→ **What needs to be done**: Drop every picture. Then return, exactly, the lines from the beginning of the listing below through the one containing "Our first set".

→ **Source data**:
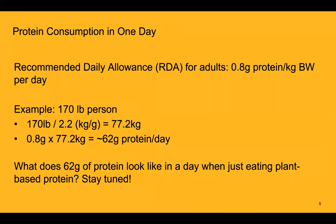The RDA recommends 0.8 grams of protein per kilogram of body weight per day. For a 170-pound person, you take 170 pounds divided by 2.2 to get the weight in kilograms, then multiply by 0.8 grams — leaving us with around 62 grams of protein per day. We'll go into what that looks like in meals, both from an animal protein and plant-based diet perspective.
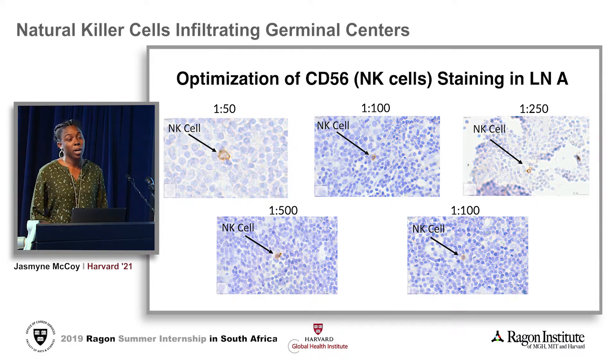Our first set of results comes from a Brightfield staining where we optimized the CD56 antibody. CD56 is meant to show the location of natural killer cells. We stained the same tissue in different dilutions of CD56. After imaging, we compared the pictures and decided that the 1 in 50 dilution would be best because it shows the clearest image of CD56 when staining.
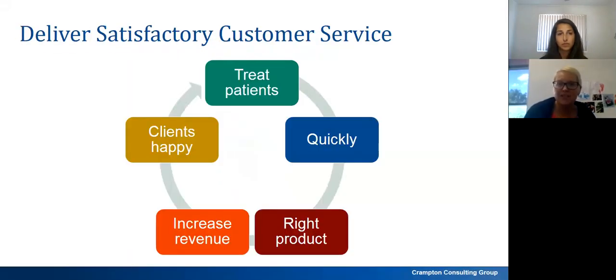It is critical to manage and monitor your inventory. One of the primary reasons is to ensure we deliver really good customer service — we're able to treat our patients with the correct product at the right time, ensuring timely treatment. It also increases revenue: if we've got the right product we don't have to delay treatment, write a script, or wait for something to come in. It also increases morale within our teams.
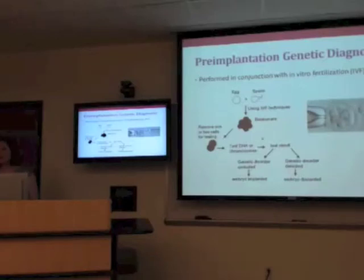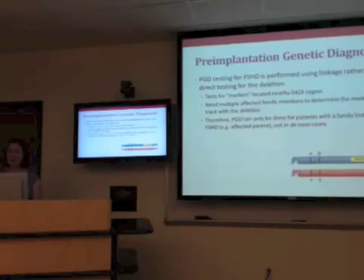Only embryos that don't have the genetic marker would be transferred into the woman's uterus. The advantage of PGD is that it increases the chances of an unaffected child before the pregnancy really even begins. However, it's not perfect, and it is especially difficult with FSHD. One of the challenges with FSHD is that you need a lot of DNA to test for the deletion directly, and you can't get enough DNA from just one or a few cells.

→ **Written response**:
The RDA recommends 0.8 grams of protein per kilogram of body weight per day. For a 170-pound person, you take 170 pounds divided by 2.2 to get the weight in kilograms, then multiply by 0.8 grams — leaving us with around 62 grams of protein per day. We'll go into what that looks like in meals, both from an animal protein and plant-based diet perspective.
Our first set of results comes from a Brightfield staining where we optimized the CD56 antibody. CD56 is meant to show the location of natural killer cells. We stained the same tissue in different dilutions of CD56. After imaging, we compared the pictures and decided that the 1 in 50 dilution would be best because it shows the clearest image of CD56 when staining.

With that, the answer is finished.